A key topic currently in Japan’s parliament (the Diet) is the debate about cliff edges and the so-called ‘1.03-million-yen barrier.’ Under current rules, if someone’s annual salary income exceeds 1.03 million yen, the workers have to pay income tax. At the same time, they lose dependent status, which means that, for students and part time workers, their parents lose tax deductions in income and inhabitant taxes.
The opposition Democratic Party for the People has proposed raising this income threshold to increase ‘take-home pay.’ This idea has gained attention because the ruling Liberal Democratic Party and Kōmeitō lost their governing majority in the October 2024 election, making cooperation with opposition parties more important.
This debate highlights how Japan’s local government finances work and the influence local government leaders can have in national politics.
How Local Taxes Work in Japan
Local taxes are a key part of funding for Japanese municipalities. The main taxes are resident tax, property tax, and local consumption tax. Resident tax is based on income and grows with the economy. Property tax is similar to the UK’s council tax and is charged on land, houses, and assets, providing steady income. Local consumption tax depends on spending in the area, including by visitors.

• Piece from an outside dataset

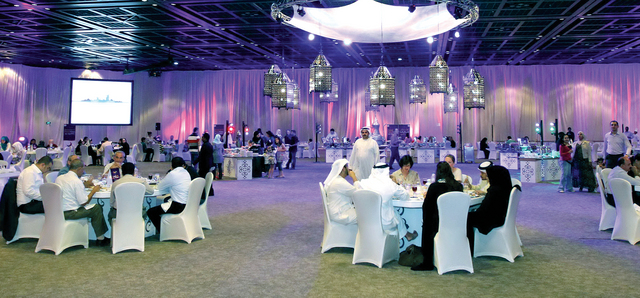 "جانب من حفل الافطار للإعلاميين من المصدر"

However, these tax revenue is not evenly distributed across regions. To address this, Japan allocates a share (33.1%) of national taxes, such as income tax, to local governments. This system, called the local allocation tax, helps ensure all areas can provide public services.
Revising the ¥1.03 Million Threshold
Changing the income threshold could reduce local inhabitant tax revenues and national income tax revenues, which would also shrink the local allocation tax. Some local leaders have expressed concerns about the impact on local budgets. In response to this claim, some suggested that the Ministry of Internal Affairs and Communications, which oversees local fiscal systems, might have engaged in political manoeuvring to influence local government leaders to speak out against the system reform. This, however, provoked a strong backlash from local government leaders.
During the discussions on the system design, there were statements suggesting that it would not affect local finances, as well as proposals to exclude local resident taxes from the review. On 25 November, the Prime Minister addressed these concerns, assuring local leaders that financial resources would be secured to maintain stable services. By 11 December, an agreement was reached to aim for raising the threshold to 1.78 million yen starting in 2025, with further details to be worked out.
Lessons for UK Local Authorities
UK local government officials can learn from Japan’s approach to combining multiple taxes to ensure stable revenue while encouraging local economic growth. However, sharing a main tax base (such as income) between national and local governments can create risks. Changes to national taxes can significantly affect local finances.
This debate also shows the importance of local government leaders in shaping national tax policy. Their voices are influential and cannot be ignored by Japan’s Parliament or government.